═════ MATERIALS PROVIDED ═════

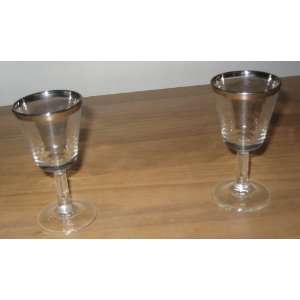  Set of 2 Vintage Liquor Glasses 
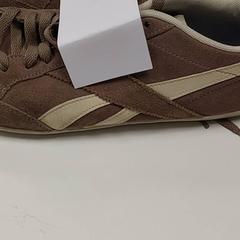 Kleding - Schoenen, jak nahlášeno Centraal magazijn pomocí iLost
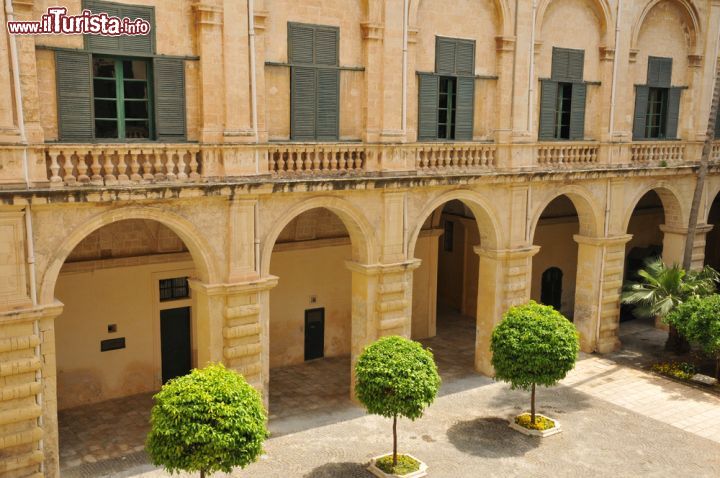 Immagine La visita al Grand Master Palace de La Valletta vi condurrà alla scoperta di qesto edificio ricco di storia e dove si trova l'interessante museo delle armi - © Pack-Shot / Shutterstock.com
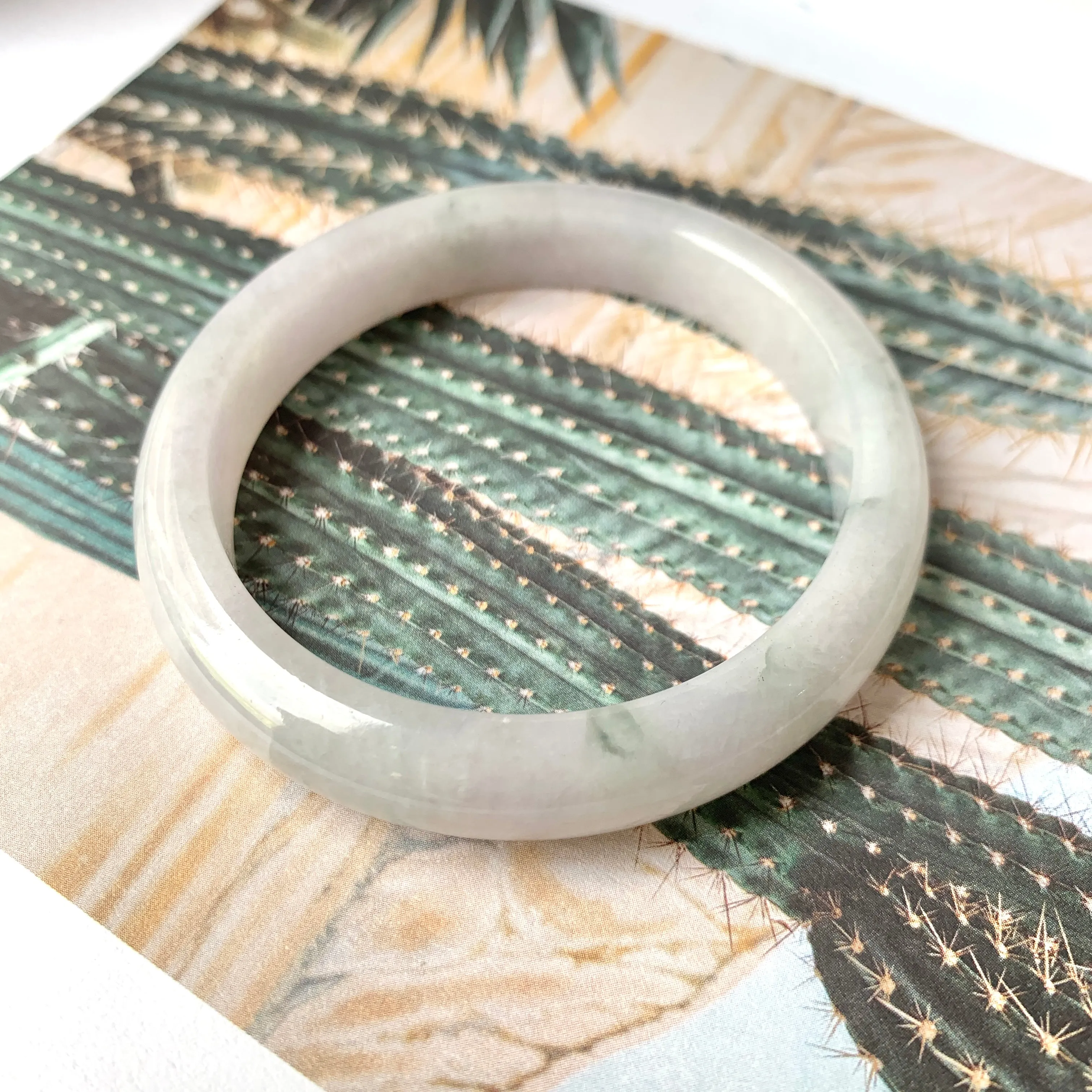 53.1mm A-Grade Natural Light Lavender Green Jadeite Modern Round Bangle No.330087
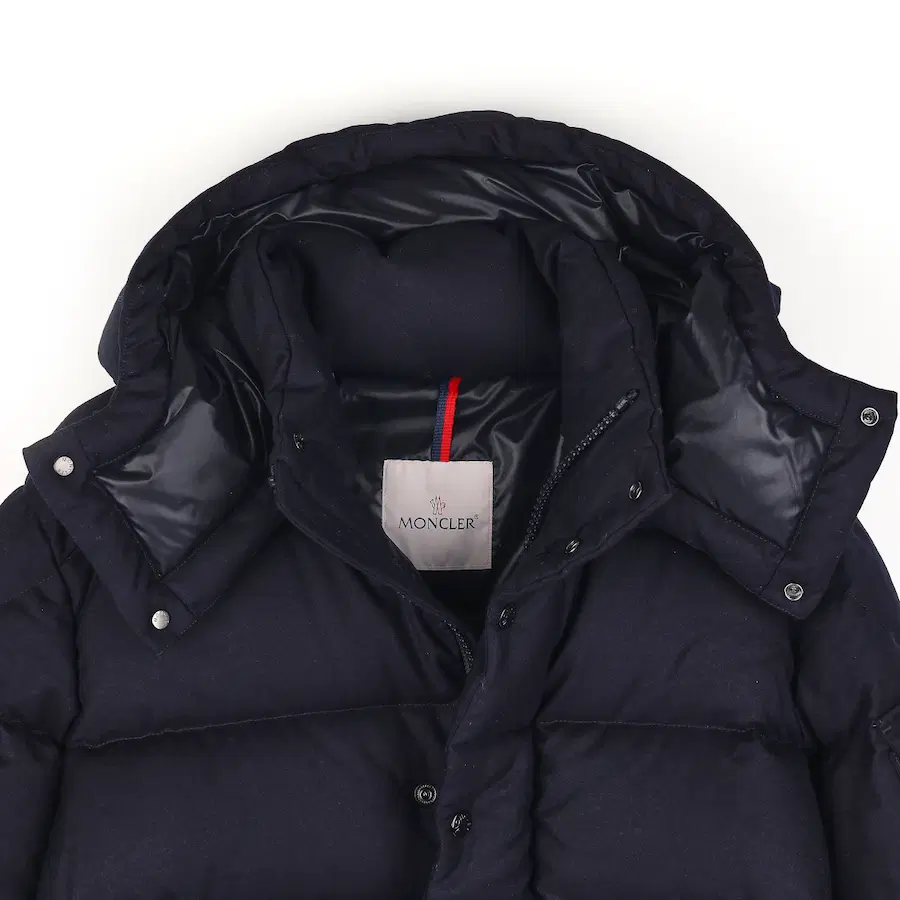 Moncler Végère 法兰绒短款羽绒服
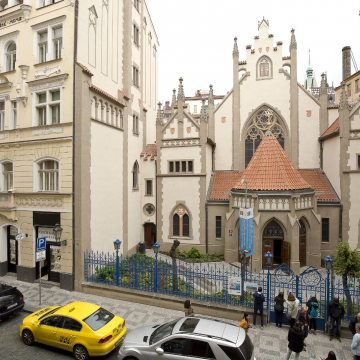 Stavební úpravy a nová expozice Maiselovy synagogy v Praze, Maiselově ulici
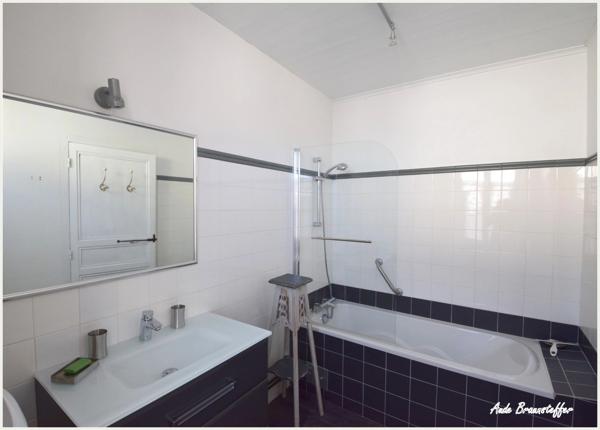 Maison à vendre 5 pièces SAINT CLEMENT DES BALEINES (17), 3 chambres, belle réception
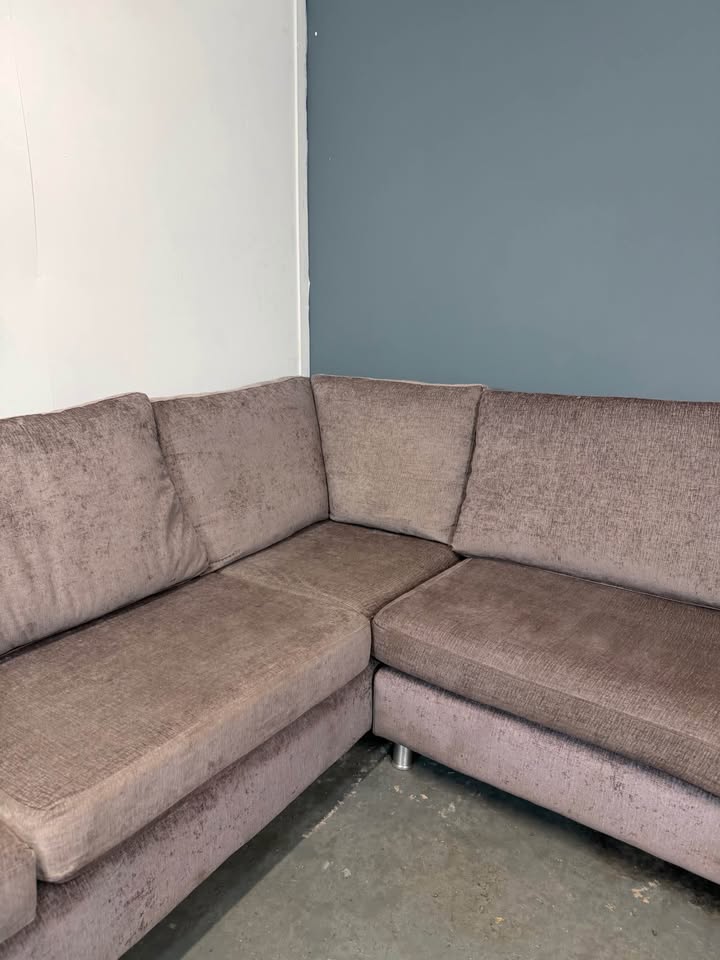 XL Custom built Grey Taupe Chenille Corner Sofa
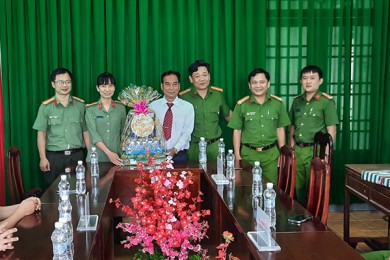 Khoa Lý luận chính trị và Khoa học xã hội nhân văn giao lưu với Công an huyện Châu Thành, tỉnh Tây Ninh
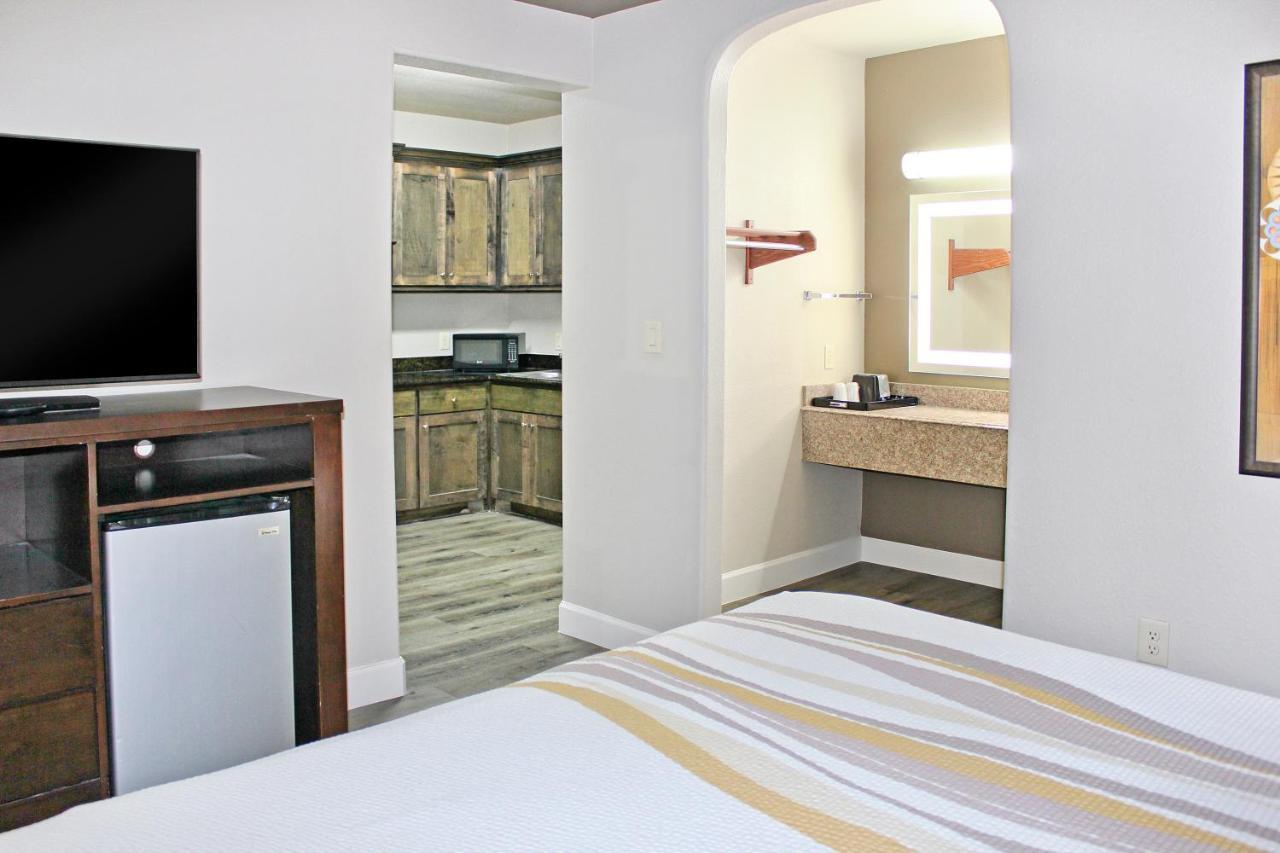 Palacio Royale Houston Nw At Beltway 8 Exterior foto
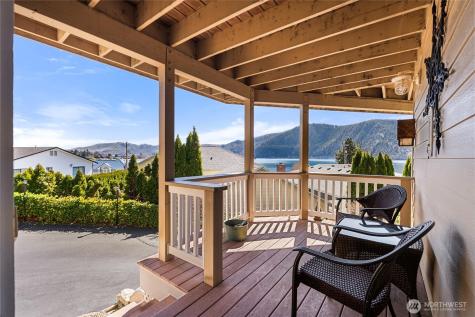 563 Topaz Place Manson WA 98831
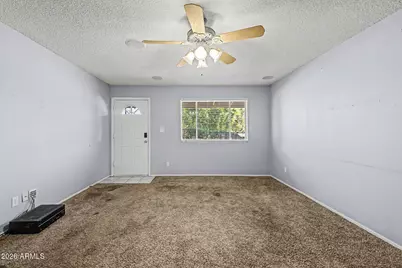 3701 W Echo Lane, Phoenix, AZ 85051 - Photo 4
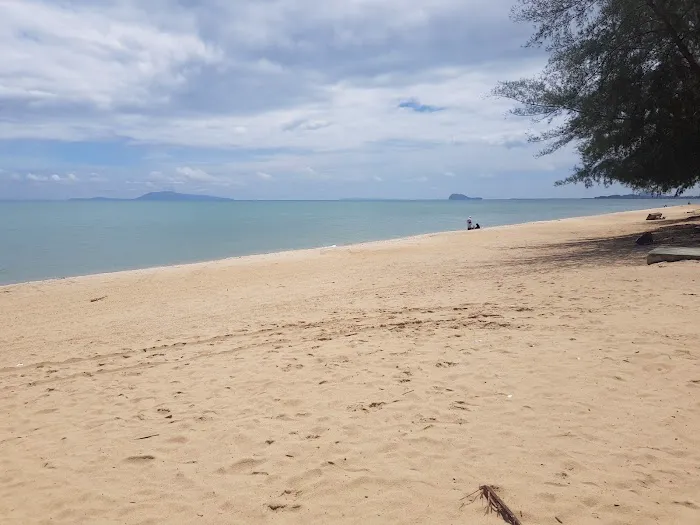 Bisikan Bayu Beach Picture 6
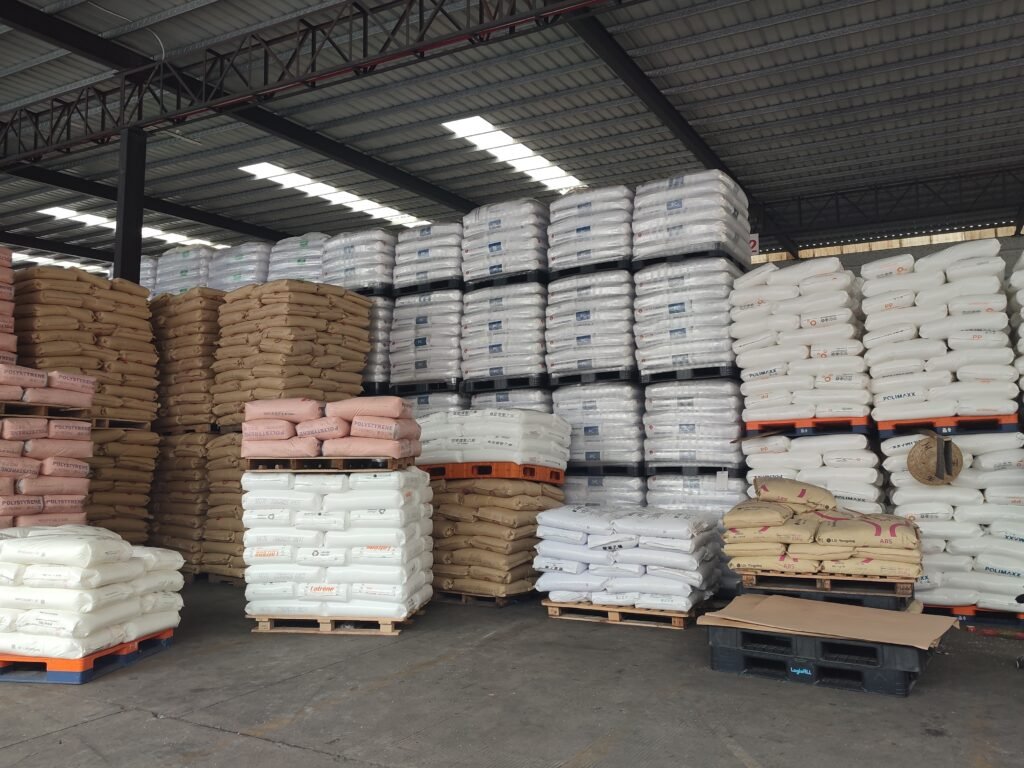 plastic material suppliers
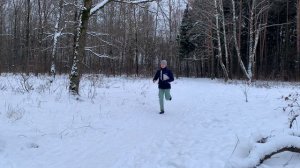 Ежедневная беговая тренировка в лесу || Подготовка к Казанскому марафону 2025 :)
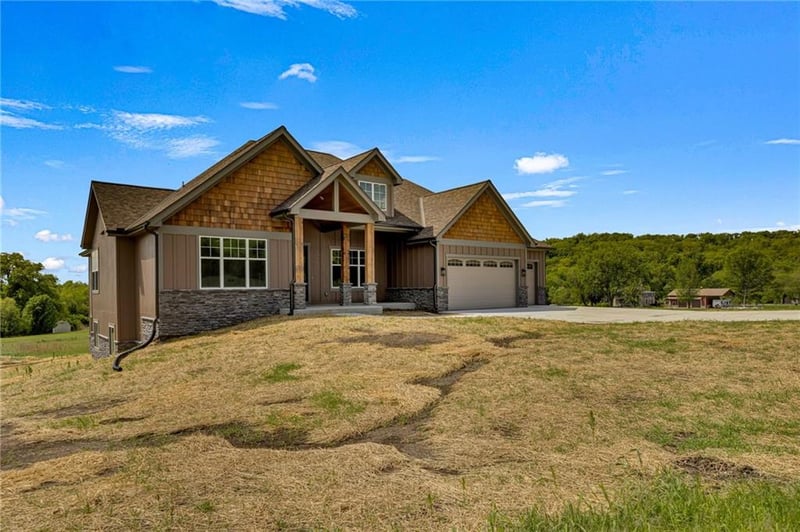 2017 Vilas St, Leavenworth, KS 66048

═════

Verbatim copy, images excluded: transcribe all the entries above.

  Set of 2 Vintage Liquor Glasses 
 Kleding - Schoenen, jak nahlášeno Centraal magazijn pomocí iLost
 Immagine La visita al Grand Master Palace de La Valletta vi condurrà alla scoperta di qesto edificio ricco di storia e dove si trova l'interessante museo delle armi - © Pack-Shot / Shutterstock.com
 53.1mm A-Grade Natural Light Lavender Green Jadeite Modern Round Bangle No.330087
 Moncler Végère 法兰绒短款羽绒服
 Stavební úpravy a nová expozice Maiselovy synagogy v Praze, Maiselově ulici
 Maison à vendre 5 pièces SAINT CLEMENT DES BALEINES (17), 3 chambres, belle réception
 XL Custom built Grey Taupe Chenille Corner Sofa
 Khoa Lý luận chính trị và Khoa học xã hội nhân văn giao lưu với Công an huyện Châu Thành, tỉnh Tây Ninh
 Palacio Royale Houston Nw At Beltway 8 Exterior foto
 563 Topaz Place Manson WA 98831
 3701 W Echo Lane, Phoenix, AZ 85051 - Photo 4
 Bisikan Bayu Beach Picture 6
 plastic material suppliers
 Ежедневная беговая тренировка в лесу || Подготовка к Казанскому марафону 2025 :)
 2017 Vilas St, Leavenworth, KS 66048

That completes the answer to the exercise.